-
Type: Story
-
Status: Resolved (View Workflow)
-
Priority: Medium
-
Resolution: Fixed
-
Affects Version/s: None
-
Fix Version/s: VOLTHA v2.10
-
Component/s: openolt-adapter, openonu-adapter, rw-core
-
Labels:None
-
Story Points:8
Girish GC
I wanted to bring to your notice that I pushed a change last Friday to change the default core timeout value from 10s to 30s. I observed that during reconcile the 10s timeout wasn't enough if a flow add were to arrive immediately after the adapter restart. https://gerrit.opencord.org/c/voltha-helm-charts/+/28508
As @teone pointed out on another channel, a more optimal way could be a stream gRPC connection to detect connection loss immediately than the current polling mechanism. But I guess that is more change now and probably counter productive with all the changes we already have.
With the increased timeout we have more stable runs now. There are still some other failures and we are looking into that.
khenaidoo
increasing the timeouts is ok for now. I have some thoughts about connection failure detection. Need to give try a few things… Will let you know if I find something this week ….
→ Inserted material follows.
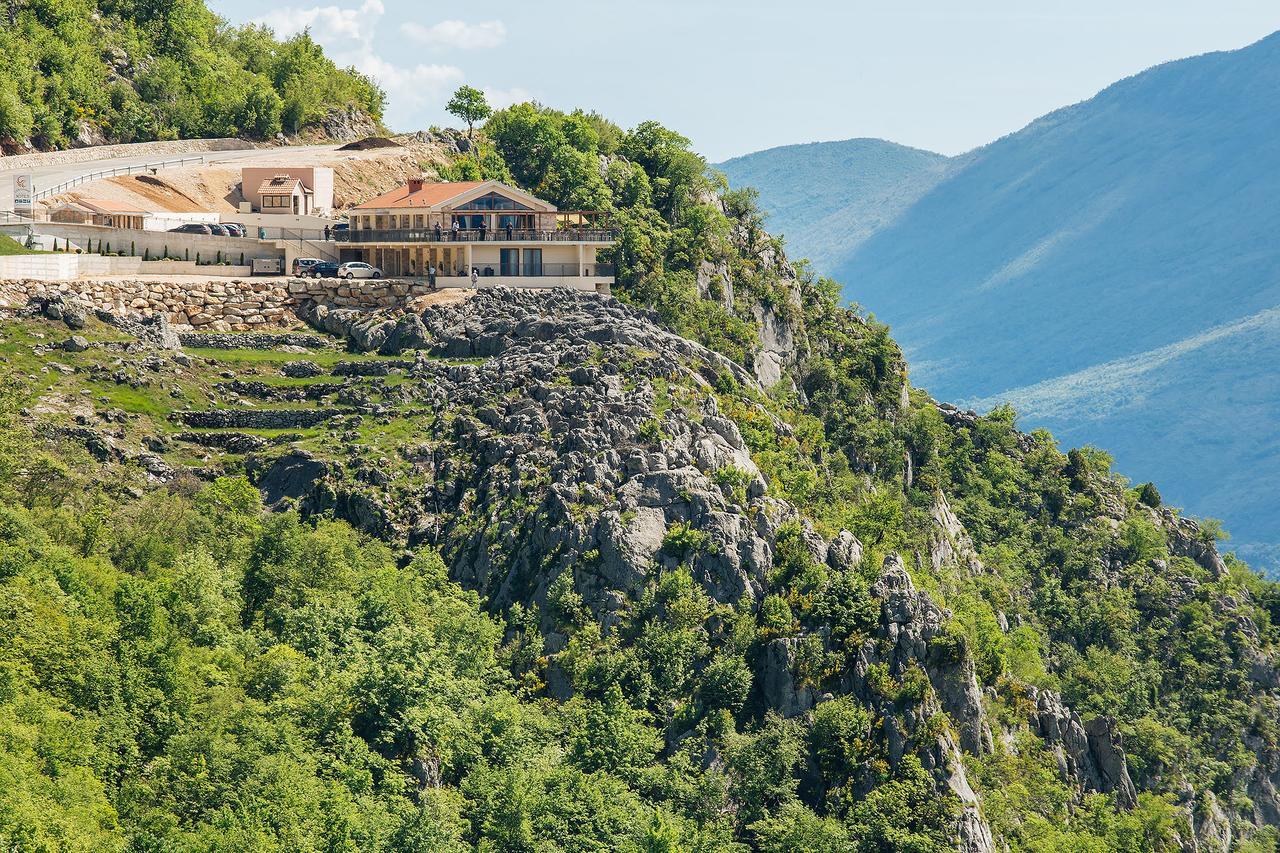 Hotel Sokoline Mandici Экстерьер фото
@Girish GC @teone While I can optimize the connection failure detection, it will still take time for the containers to communicate with each other (~5s-15s). The core sends the reconcile to the onu adapter once it can connect to it. The onu adapter will initiate the process by sending numerous OMCI messages to the olt adapter to proxy. If the latter cannot communicate the response to the ONU adapter then there will be a failure. By reducing the connection failure detection time all we are doing is reducing the time between an onu adapter receiving a reconcile request and the time the olt adapter establishing a connection to the onu adapter. There will still be a short interval where the failure can happen. Here are some options I am thinking around this situation:
- The ONU adapter sends OMCI messages to an OLT adapter only when the latter can reply back to it. This can be done via a streaming connection check. Note that the ONU adapter will need to have a retry mechanism for this as there will be failures after a restart.
- Move the OMCI proxy messaging entirely to GRPC streaming. This may be a better solution since “all” the OLT is doing taking a common OMCI message type from one channel and push it to the OLT app on the OLT device and sends the response back. I was contemplating doing this during the grpc migration but there are logic tied to the ordering of messages in the ONU adapter that was not right to do doing the grpc migration. This is something we can consider but it would need quite some work in the adapters, especially if we want multiple adapter instances support. Also, the retry mechanism on restarts will still be needed with the addition of establishing a streaming OMCI connection on start/restart. Given that we are a few weeks away from feature complete this may be best to do in a future release.
- Leave things as they are (maybe keep the timer at 30s) and optimize in a later release.
Girish GC
I am ok with option 3. Regarding option2, yes that could work, but please note that there are async omci indications too like alarm notifications, or attribute value change notifications (so it is not just req/resp).